**Records provided**
=-=-=-=-=
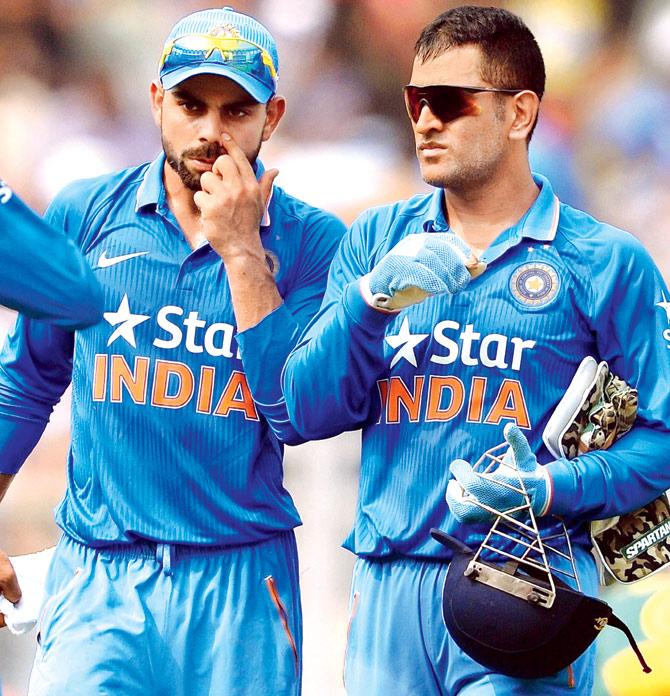 India skipper Mahendra Singh Dhoni (right) speaks with Virat Kohli during the fifth ODI against South Africa at Wankhede Stadium yesterday. Pic/AFP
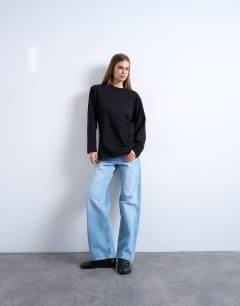 Model wearing Cinch waist skater tee in black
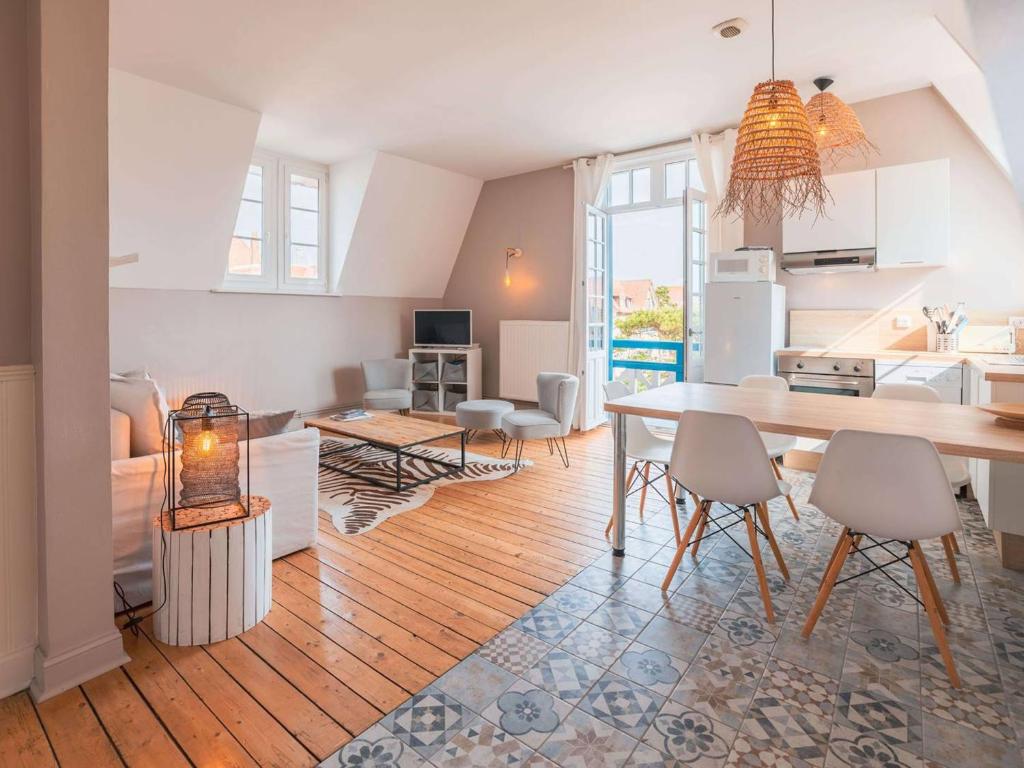 una cucina e un soggiorno con tavolo e sedie di Appartement moderne en centre-ville du Touquet avec 2 chambres - FR-1-821-28 a Le Touquet-Paris-Plage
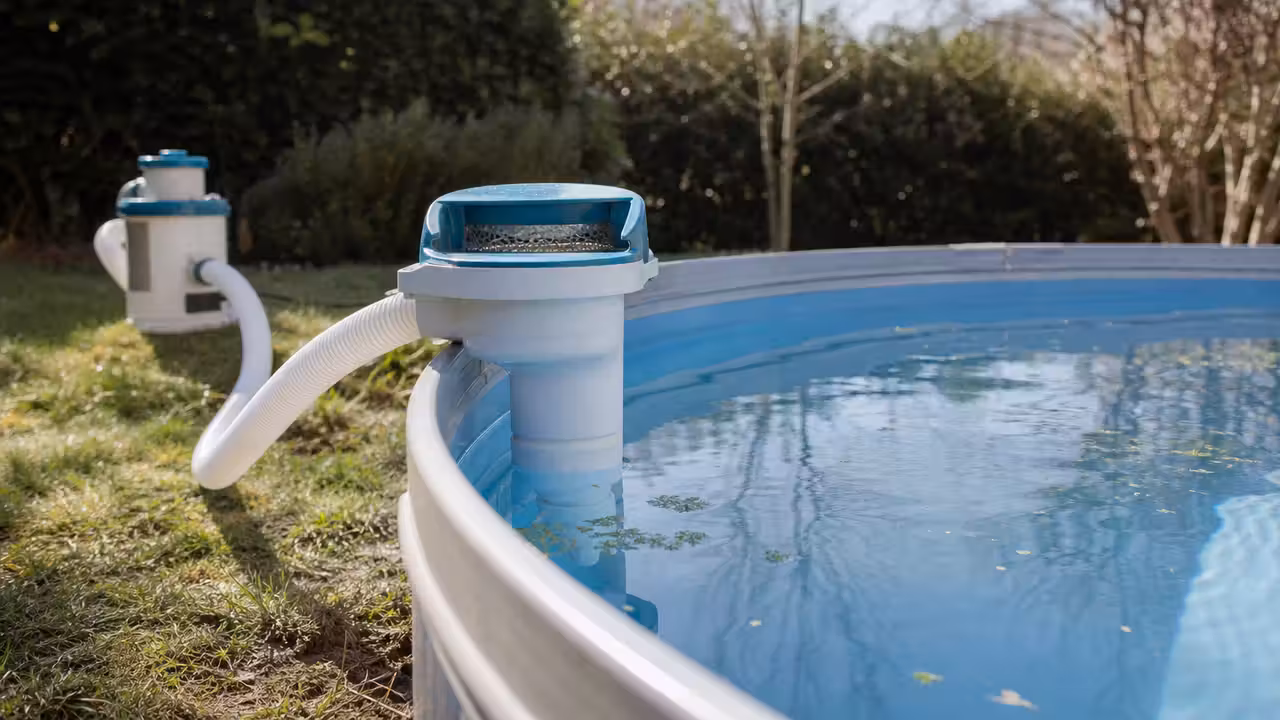 Skimmer suspendu fixé à une piscine hors sol tubulaire, aspirant des feuilles à la surface de l’eau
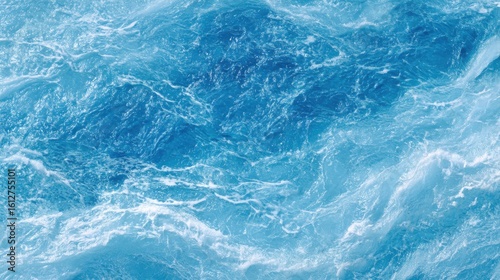 Deep blue ocean water showcases waves in motion, reflecting sunlight and creating a lively, dynamic pattern. The scene evokes a sense of calm and tranquility, perfect for relaxation.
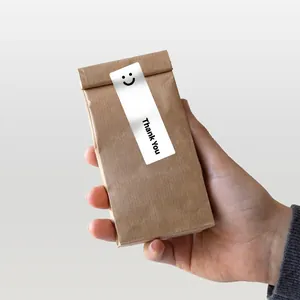 Detail view of a white rectangular 'Thank You' smiley sticker sealing a brown paper bag.
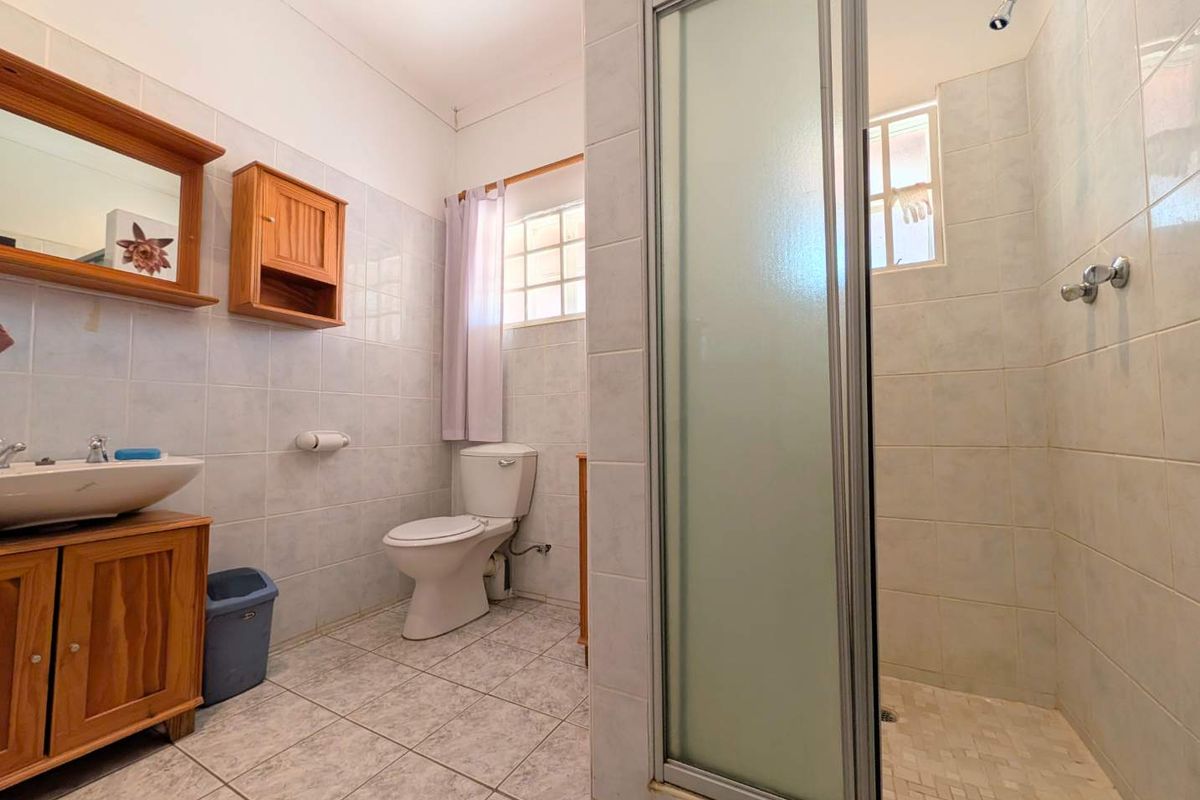 A functional bathroom featuring a shower enclosure, toilet, and wooden vanity cabinet with a basin, finished with neutral wall and floor tiles.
=-=-=-=-=
**Task description**
The whole listing, minus its images, should be repeated exactly.

**Solution to this problem**
 India skipper Mahendra Singh Dhoni (right) speaks with Virat Kohli during the fifth ODI against South Africa at Wankhede Stadium yesterday. Pic/AFP
 Model wearing Cinch waist skater tee in black
 una cucina e un soggiorno con tavolo e sedie di Appartement moderne en centre-ville du Touquet avec 2 chambres - FR-1-821-28 a Le Touquet-Paris-Plage
 Skimmer suspendu fixé à une piscine hors sol tubulaire, aspirant des feuilles à la surface de l’eau
 Deep blue ocean water showcases waves in motion, reflecting sunlight and creating a lively, dynamic pattern. The scene evokes a sense of calm and tranquility, perfect for relaxation.
 Detail view of a white rectangular 'Thank You' smiley sticker sealing a brown paper bag.
 A functional bathroom featuring a shower enclosure, toilet, and wooden vanity cabinet with a basin, finished with neutral wall and floor tiles.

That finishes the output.